[WHAT THE EXERCISE ASKS]
Below is a listing from which only part is wanted; return exactly the lines from the one with "Live Fast--Die Young: Remembering" up to and including the one with "Wanna Taco Bout".

• • • •

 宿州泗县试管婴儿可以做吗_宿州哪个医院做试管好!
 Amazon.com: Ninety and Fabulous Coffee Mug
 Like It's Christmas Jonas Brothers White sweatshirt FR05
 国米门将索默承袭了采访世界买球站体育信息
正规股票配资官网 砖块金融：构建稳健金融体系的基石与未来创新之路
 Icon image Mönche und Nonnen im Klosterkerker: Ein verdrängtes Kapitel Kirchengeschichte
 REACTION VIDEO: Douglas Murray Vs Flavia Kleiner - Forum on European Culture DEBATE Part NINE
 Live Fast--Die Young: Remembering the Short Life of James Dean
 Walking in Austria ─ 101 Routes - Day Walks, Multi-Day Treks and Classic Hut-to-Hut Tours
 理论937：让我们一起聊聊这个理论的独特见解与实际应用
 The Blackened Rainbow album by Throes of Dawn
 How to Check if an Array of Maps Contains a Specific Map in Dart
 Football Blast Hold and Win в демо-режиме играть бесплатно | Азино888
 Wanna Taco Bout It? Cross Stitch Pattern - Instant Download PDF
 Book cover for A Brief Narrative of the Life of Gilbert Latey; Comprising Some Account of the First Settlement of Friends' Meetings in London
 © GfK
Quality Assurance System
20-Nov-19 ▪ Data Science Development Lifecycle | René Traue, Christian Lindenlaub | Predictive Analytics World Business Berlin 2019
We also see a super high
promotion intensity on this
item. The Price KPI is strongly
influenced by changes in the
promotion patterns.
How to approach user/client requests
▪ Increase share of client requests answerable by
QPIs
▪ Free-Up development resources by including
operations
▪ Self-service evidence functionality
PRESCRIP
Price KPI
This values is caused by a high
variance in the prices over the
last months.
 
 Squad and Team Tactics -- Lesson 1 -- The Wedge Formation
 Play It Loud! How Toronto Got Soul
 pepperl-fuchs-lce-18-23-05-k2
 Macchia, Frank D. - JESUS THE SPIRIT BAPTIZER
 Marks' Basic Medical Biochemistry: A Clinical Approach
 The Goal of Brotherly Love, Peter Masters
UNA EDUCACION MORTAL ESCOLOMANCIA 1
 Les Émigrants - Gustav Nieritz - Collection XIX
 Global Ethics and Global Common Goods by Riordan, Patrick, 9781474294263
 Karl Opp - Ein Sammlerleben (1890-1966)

• • • •

[FINISHED TASK]
 Live Fast--Die Young: Remembering the Short Life of James Dean
 Walking in Austria ─ 101 Routes - Day Walks, Multi-Day Treks and Classic Hut-to-Hut Tours
 理论937：让我们一起聊聊这个理论的独特见解与实际应用
 The Blackened Rainbow album by Throes of Dawn
 How to Check if an Array of Maps Contains a Specific Map in Dart
 Football Blast Hold and Win в демо-режиме играть бесплатно | Азино888
 Wanna Taco Bout It? Cross Stitch Pattern - Instant Download PDF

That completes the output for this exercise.